- Born: 6 April 1896 Limerick, Ireland
- Died: 15 December 1957 (aged 61) Clan Morris Ave, Limerick, Ireland
- Allegiance: Irish Republican Army Irish Republican Brotherhood
- Service years: 1915–1923
- Rank: Captain
- Commands: Officer commanding 'A' Company Second Battalion Mid-Limerick Brigade
- Conflicts: Irish War of Independence Irish Civil War

= Cornelius McNamara =

Irish republican (1896–1957)

Cornelius McNamara, better known as Connie (Mackey) Mc Namara, (6 April 1896 – 15 December 1957) was the Captain of "A" Company Active Service Unit of the Second Battalion Mid Limerick Brigade in the Irish Republican Army during the Irish War of Independence.

==Early life==
Cornelius McNamara was born in Limerick city, the son of a butcher. He was educated for a period in the Christian Brothers School in Sexton Street, Limerick. He left the school around 1910 and took up an apprenticeship in one of the four large bacon factories in Limerick. When Padraig Pearse and Roger Casement came to Limerick in early 1914 to raise Volunteer companies, the seeds were planted in Cornelius' mind to join the movement later on.

==Volunteers==
In October 1915, he enlisted in "C" Company Limerick City Battalion under Michael Colivet, and was present at Killonan with the rest of his battalion during the Easter Rising, but after hearing word that the Rising was called off, the battalion marched back to Limerick. Soon after, the Battalion split and he then joined "A" Company of the newly formed Second Battalion. His home then became the battalion dispatch centre and he was admitted to the ranks of the Irish Republican Brotherhood. In February 1918, he was promoted to
Second Lieutenant of ‘A’ Company, and later on in November 1918 he was promoted again to first Lieutenant.

==War of Independence==
When the Irish War of Independence started on 6 April 1919, Cornelius became part of 'A' Company's Active Service Unit. On the same day, he was part of the attempted rescue of Robert Byrne, Adjutant of the Second Battalion from the City Home in Limerick. Byrne was mortally wounded and became the first Republican fatality of the Irish War of Independence. He was promoted to Captain in November 1919 and became leader of the 'A' Company Active Service Unit. On 17 July 1920, he was arrested with 4 or 5 members of his ASU collecting funds in Garryowen. He was imprisoned in Limerick Prison, Cork Male Gaol, Winchester Gaol, and Birmingham Prison until 25 February 1921. He was then re-arrested soon after his release on 8 April on suspicion of killing a Black and Tan. Then incarcerated in Limerick Prison, Cork Male Gaol, Spike Island and Maryborough Convict Prison (Portlaoise) he remained in Maryborough until 9 December 1921 where he was released under a general amnesty of the Anglo-Irish Treaty of 6 December 1921.

==Civil War==
McNamara fought on the Republican side in the Irish Civil War (1922–1923). He was made commandant of the Strand Barracks in Limerick in March 1922.

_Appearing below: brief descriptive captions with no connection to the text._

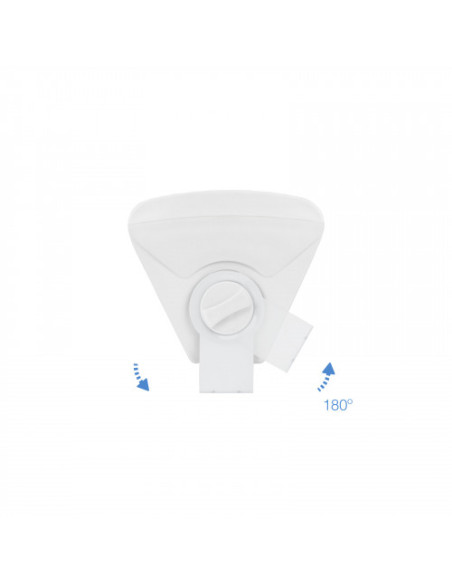 TOOQ ALTAVOCES AUTOAMPLIFICADOS DE PARED TQOWS-01W, BLANCOS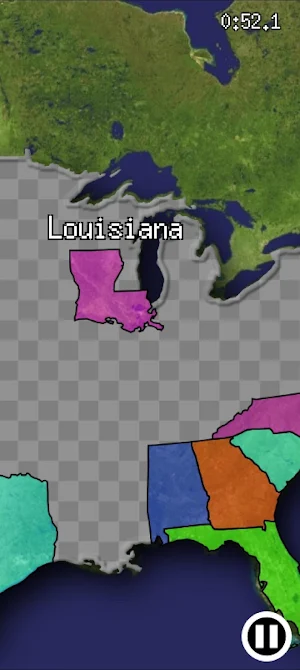 Statetris Screenshot 1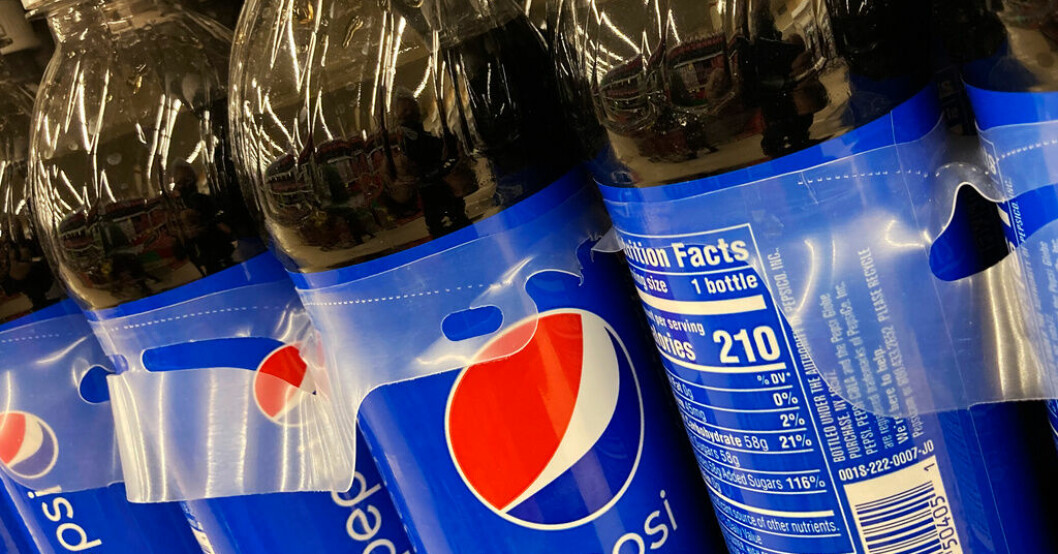 Pepsico, bolaget bakom Pepsi, rapporterar delår. Arkivbild. Pepsico säljer mer – trots höjda priser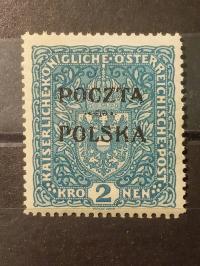 KRAKOWSKIE Fi 46 ab B6 ** 1919 gw. Puchała PZF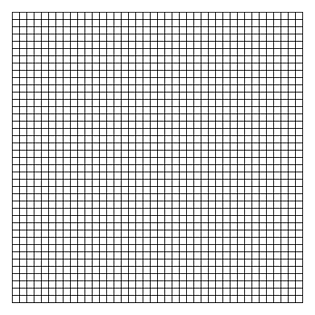 简约方形网格背景装饰元素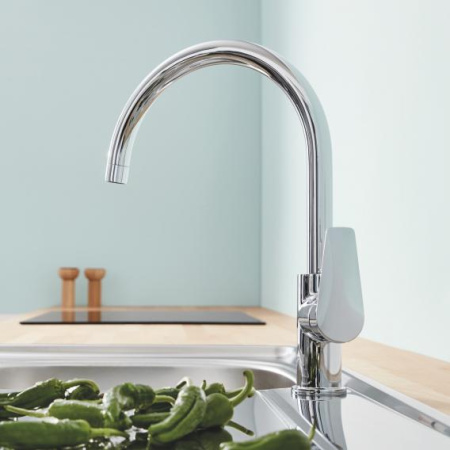 Смеситель для кухни Grohe BauEdge 31367 001 (31367001) хром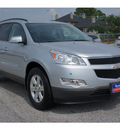 chevrolet traverse 2012 silver suv gasoline 6 cylinders front wheel drive not specified 77090
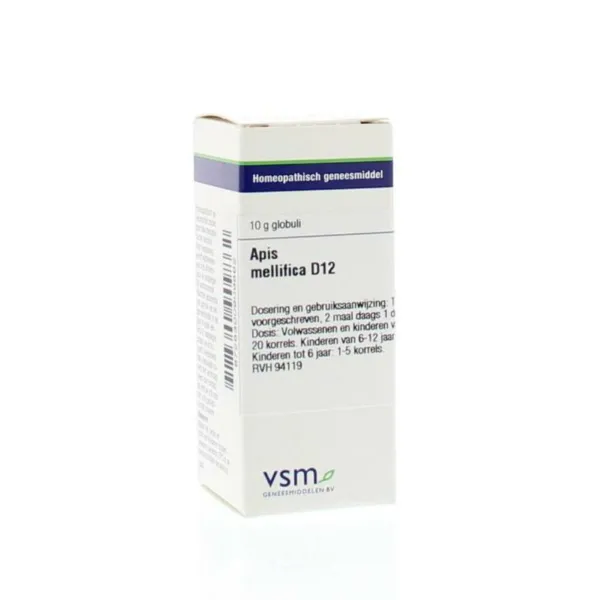 VSM Apis Mellifica D12 200 globuli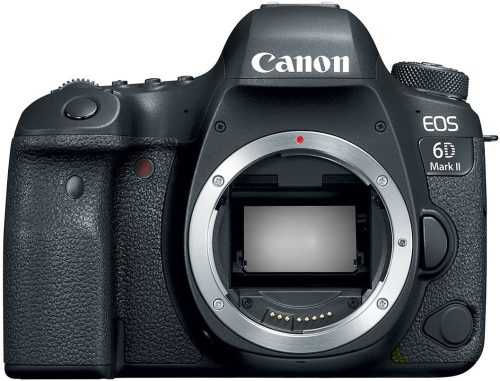 Digitális fényképezőgép Canon EOS 6D Mark II váz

From 15 to 20 July, the Barracks was attacked by Free State troops under Michael Brennan. After a five-day siege, he surrendered and was imprisoned in Limerick Prison and then transported by the ship Arvonia to be interned in Gormanston Internment Camp. While he was in Limerick prison and aboard the Arvonia he was elected prisoners' commandant. While he was in Gormanston he was on the prisoners camp council. He was transferred from Gormonston Internment Camp in late November 1923 to Mountjoy Prison. Where he remained until he was released on 23 December 1923.

==Subsequent IRA career==
After the defeat of the anti-Treaty Irish Republican Army (IRA) in the Civil War. He became secretary of the Limerick branch for the Irish Republican Prisoners' Dependents Fund (IRPDF) from 1924 to 1925, which assisted Republican Prisoners families. He was forced to emigrate to Chicago and New York City in both 1925 and 1930 by Free State sympathisers, and took no further part in any more IRA activities.

==Death and Biography==
He died at home in 1957 and was survived by his second wife May (née Moakley) and only daughter Patricia Corbett. His grandson Jim Corbett chronicled his life with the 2008 hardback biography Not While I Have Ammo which was launched in the Hilton (Strand) Hotel Limerick on March 14, 2008, and the Connie Mackey website. Both a revised and expanded paperback and Ebook versions were published on 28 August 2025.